The historian Fernand Braudel distinguished between long term trends and the “mere history of events.” It’s a useful concept to bear in mind when analyzing political developments. However, Braudel would be the first to admit that events can illustrate trends.
As early as the 1950s, Democrats turned to seeking changes in the law through the courts when they could not obtain them through the legislature. Two can play at this game. Both parties have spent a great deal of effort getting “their” judges on the bench while blocking the other guys’ judges from getting on the bench. Polarization has only made the problem more obvious. In 2013, when last in the majority, Senate Democrats chose to get rid of the filibuster for all judicial appointments below the level of the Supreme Court.

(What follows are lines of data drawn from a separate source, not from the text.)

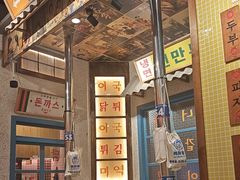 -姜胖胖无限自助烤肉(凯德天府店)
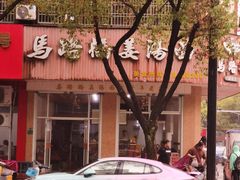-马路桥姜汤面(江城大楼店)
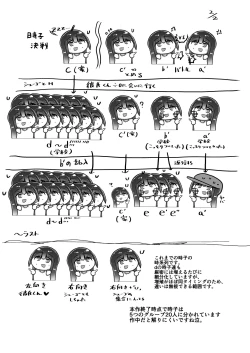 Page 106 of Sex suru to Fueru Kanojo ga Kuzu Yarichin ni NTR renagara Kyonyuu Mesugaki ni Gyaku NTR sareru made no hanashi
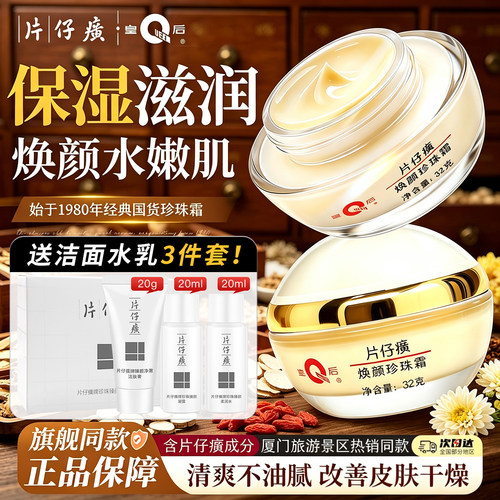 福建片仔癀焕颜珍珠霜32g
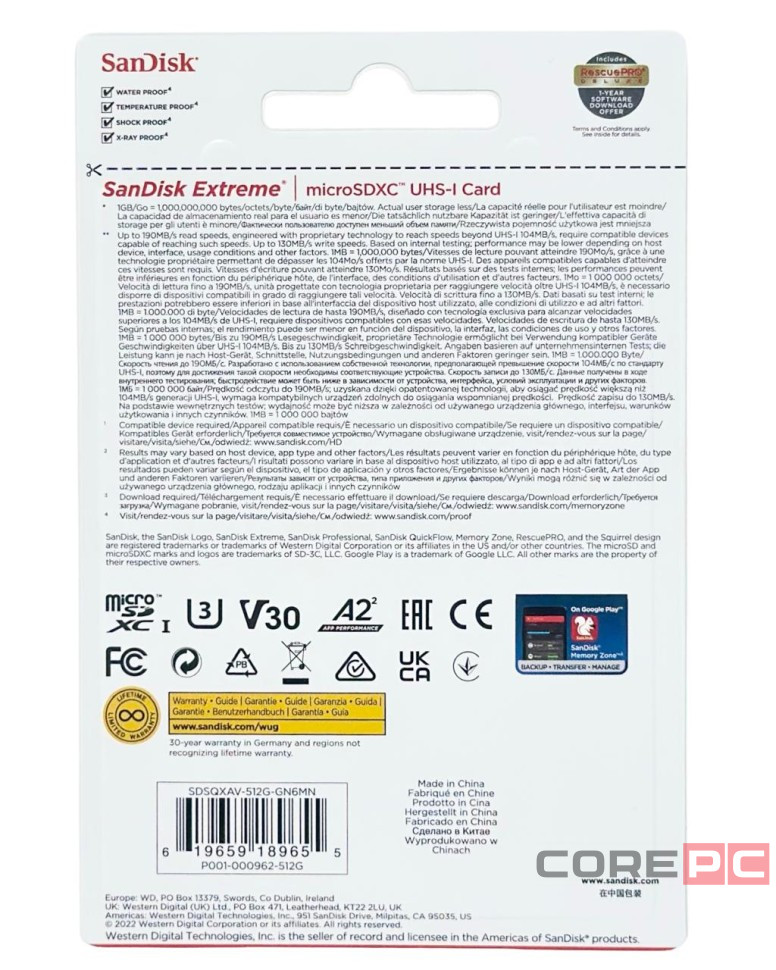 micro SDXC карта памяти Sandisk Extreme 512GB 190MB/s UHS-I (SDSQXAV-512G-GN6MN)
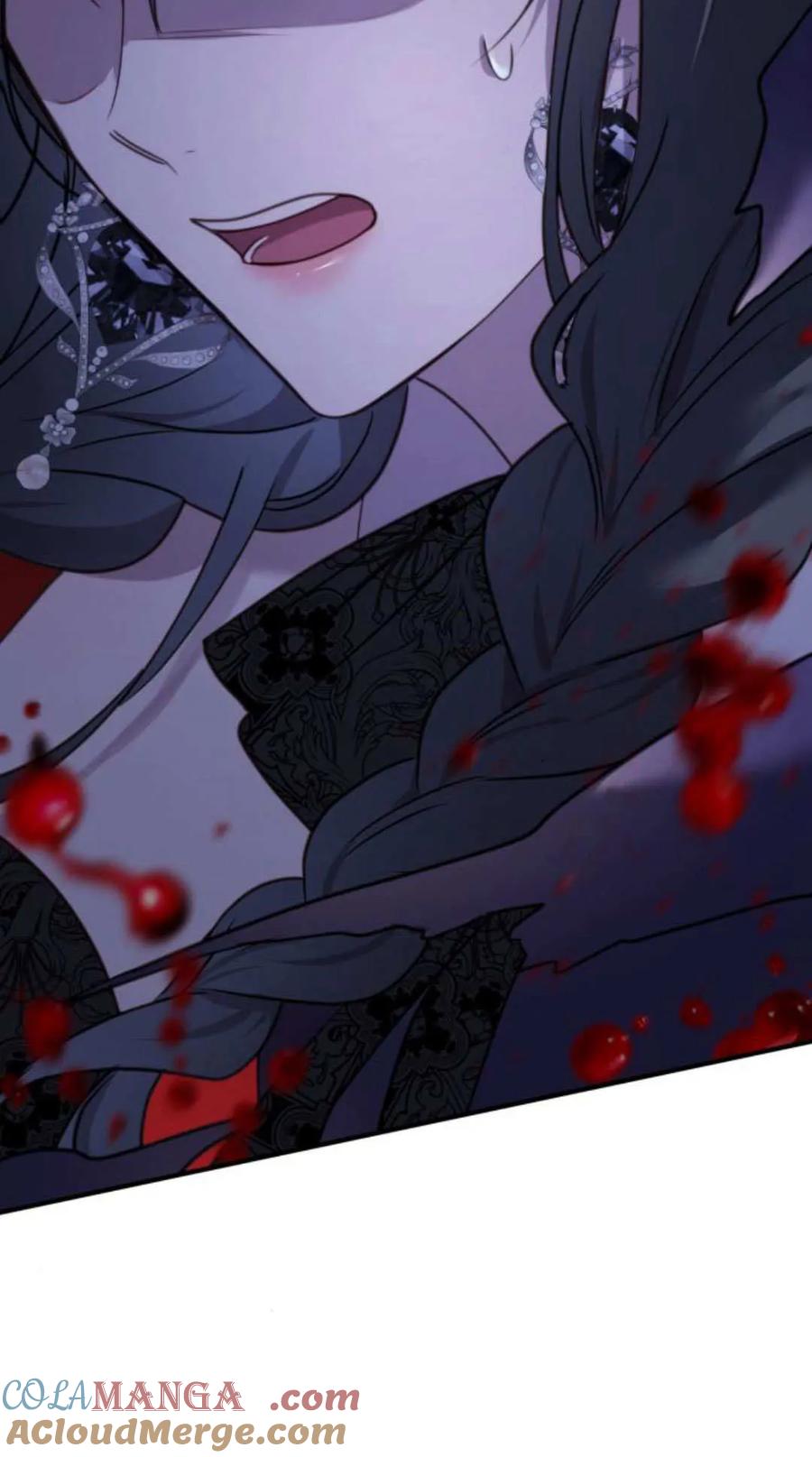 恶女只想安静地生活！ - 第33话 - 第85张图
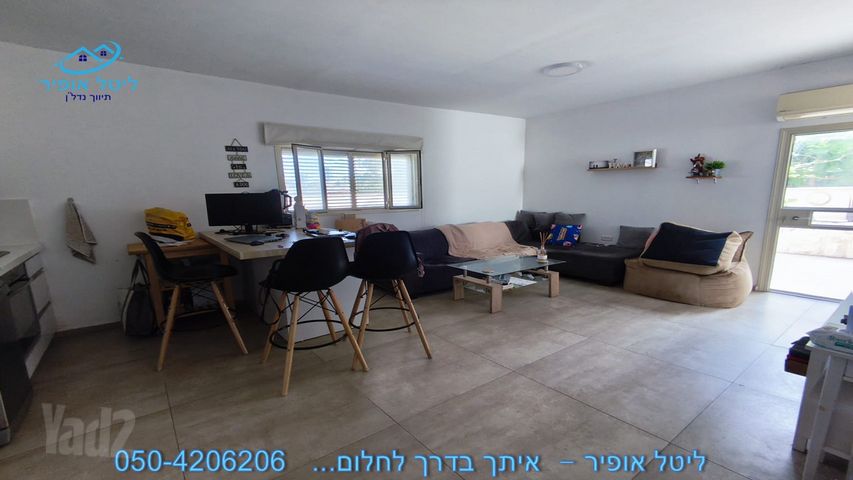 מגדיאל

When Justice Antonin Scalia died, President Obama nominated a highly qualified Democratic replacement; Senate Republicans refused to even hold hearings on the nominee. Now in the minority, Senate Democrats chose to filibuster the nomination of Neil Gorsuch to replace the late Antonin Scalia on the Supreme Court and Republicans chose to do away with the filibuster.[1] This unhappy event is merely the most recent phase in the politicization of the judiciary. The mind reels at possible future developments.

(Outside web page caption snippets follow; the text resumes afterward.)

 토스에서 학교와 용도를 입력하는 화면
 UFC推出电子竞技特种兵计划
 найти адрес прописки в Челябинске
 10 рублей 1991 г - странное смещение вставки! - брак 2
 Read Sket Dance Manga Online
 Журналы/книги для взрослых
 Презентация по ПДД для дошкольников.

Human-caused climate change is a reality. So, too, is the halting effort by industrial countries to limit the further emission of pollutants that cause that climate change. So, too, are the social and economic costs of fighting climate change in industrial societies. When interest groups resist the threats to their immediate well-being, governments can either bend before the resistance, or seek to off-set those costs, or seek to circumvent the resistance by other means. Thus, President Barack Obama insisted that the Paris climate agreement to which his administration adhered not be a treaty.[2] He knew he could never get such a treaty through the Senate, as required by the Constitution. Nor could he get the policies needed to implement the Paris agreement through Congress. So, he resorted to a “Clean Power Plan” issued by the Environmental Protection Agency (EPA). The Trump administration ordered a re-write of the Plan and “requested” that the EPA lighten up on other regulations.[3] Most observers found this to be ridiculous pandering to his core voters.[4] In this view, coal is a dying industry, climate change has to be resisted with energy,[5] and renewable energy is a key technology of the future economy.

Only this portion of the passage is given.